The concept of a flying car is not absurd anymore, given the advancement in technology today. Although there are some flying cars at the moment, it hasn’t stopped experts from creating conceptualised designs of what the future may hold. One such example is the ambitious concept creation of a hypercar in a jet design created by Greg Brown, a California-based designer.
Brown spent his days flying F-18s for the U.S. Navy and later the Boeing 777s for United. While the Fusion JC7 was only recently unveiled, Brown revealed that he had been working on the design for nearly 20 years. Back then he called it Firenze Lanciare changed it to Fusion JC7 which was much easier to pronounce.
At 24 feet, 8 inches long, the current design represents what can only be described as a stretched-out Bugatti with wings hidden under the body of the vehicle when in road mode. This stretch is, however, trimmed off a few inches when the rear stabilizer folds once the vehicle is parked.

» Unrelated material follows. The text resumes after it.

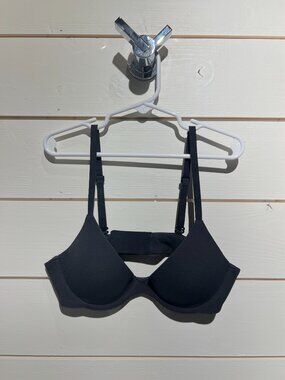 SKIMS Fits Everybody T Shirt Bra 34A Onyx New Without Tag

Fast on the ground and fully capable in the air, the Fusion is a traditional concept car with Bugatti overtones rather than a vertical takeoff and landing flying car.

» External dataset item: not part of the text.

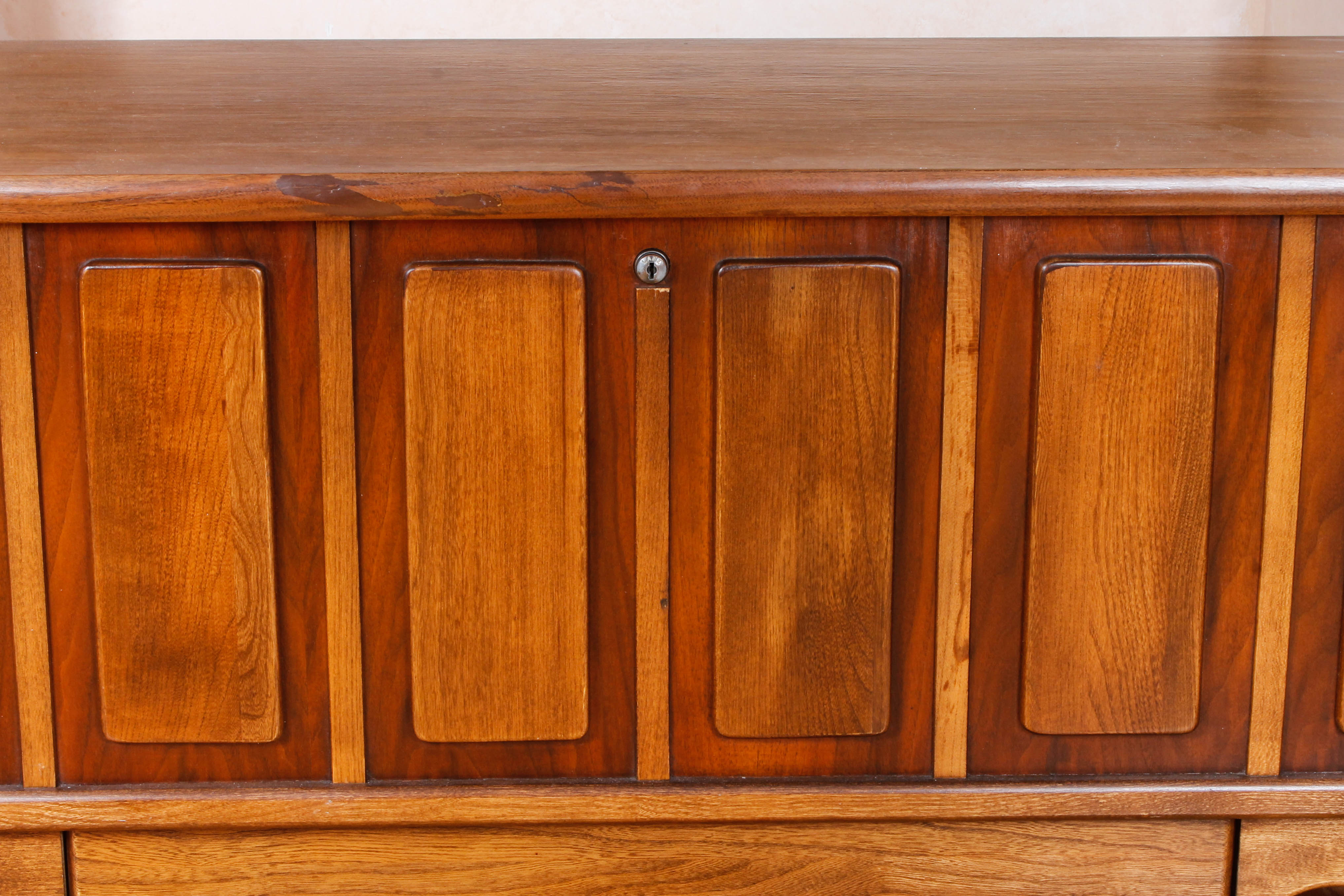 Vintage Lane Cedar Chest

When on the road, the car is fully electric with twin Tesla motors powered by LG batteries. These give the vehicle a total of 1,000 hp and a full 920 pounds of torque allowing the JC7 to go from 0 to 100kmph in about 4 seconds and could reach 240kms of autonomy in 100% electric mode.

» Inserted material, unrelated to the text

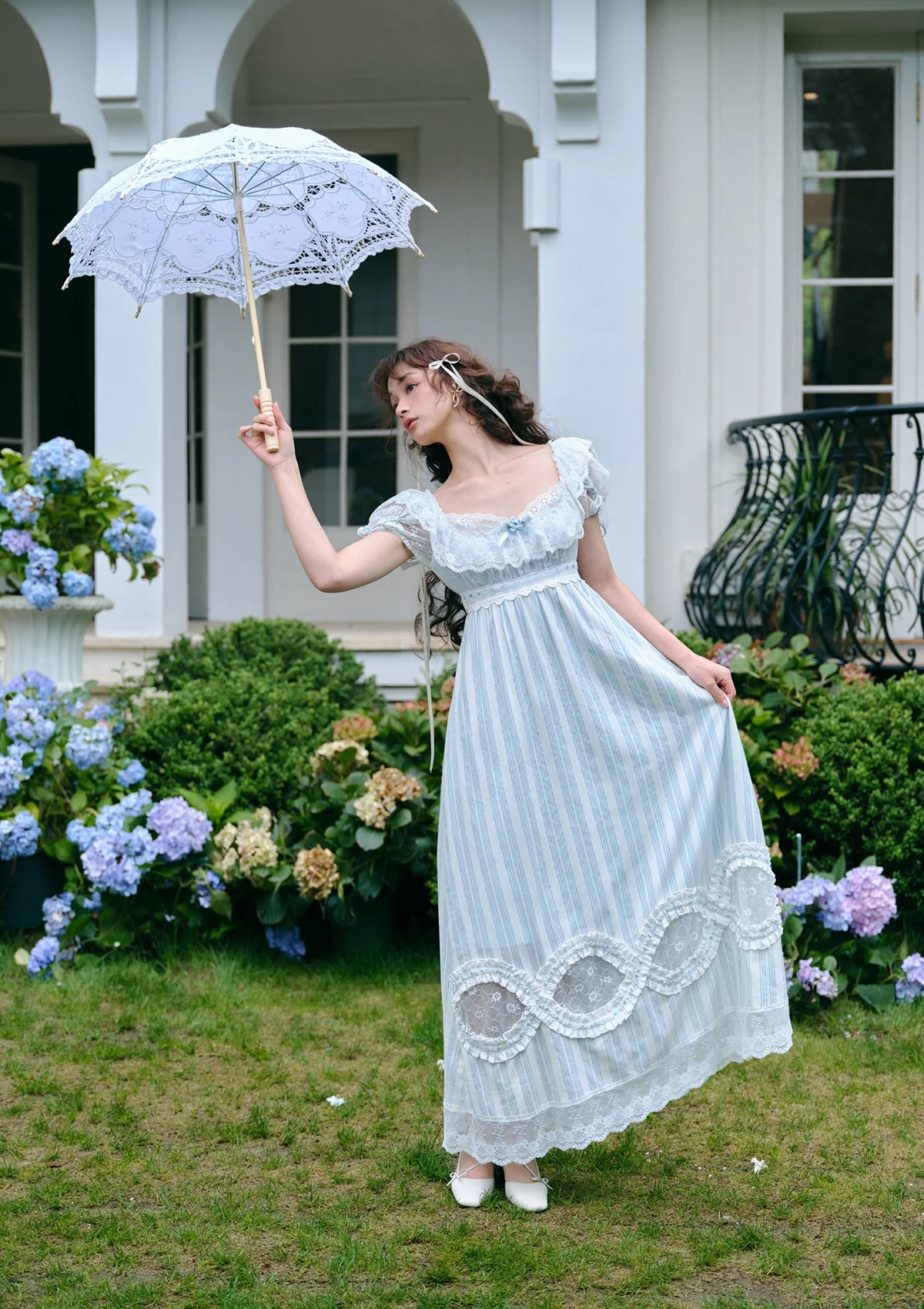 （US Exclusive）“Matin de fenêtre fleurie” Dress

In the air, the jet can generate 2,000 pounds of thrust from two Williams FJ-33 engines weighing 145 kilograms each which would allow it to reach 225 kilometres per hour in just 6 seconds. The cruising speed, Brown estimates, could reach 837 km per hour; a speed which is fairly similar to that of any current commercial aeroplane. At that rate, the flying car can travel 750 miles by air with a full 300-gallon fuel tank.
The jet car is currently with Corvid Technologies which is conducting Computational Fluid Dynamics (CDF) to test the vehicle’s behaviour in the aircraft mode and determine its pitch constraints and drag coefficient. Once testing is complete, Brown anticipates the prototype to cost somewhere around US $20 million to develop and US $2.5 million per unit once it goes into production.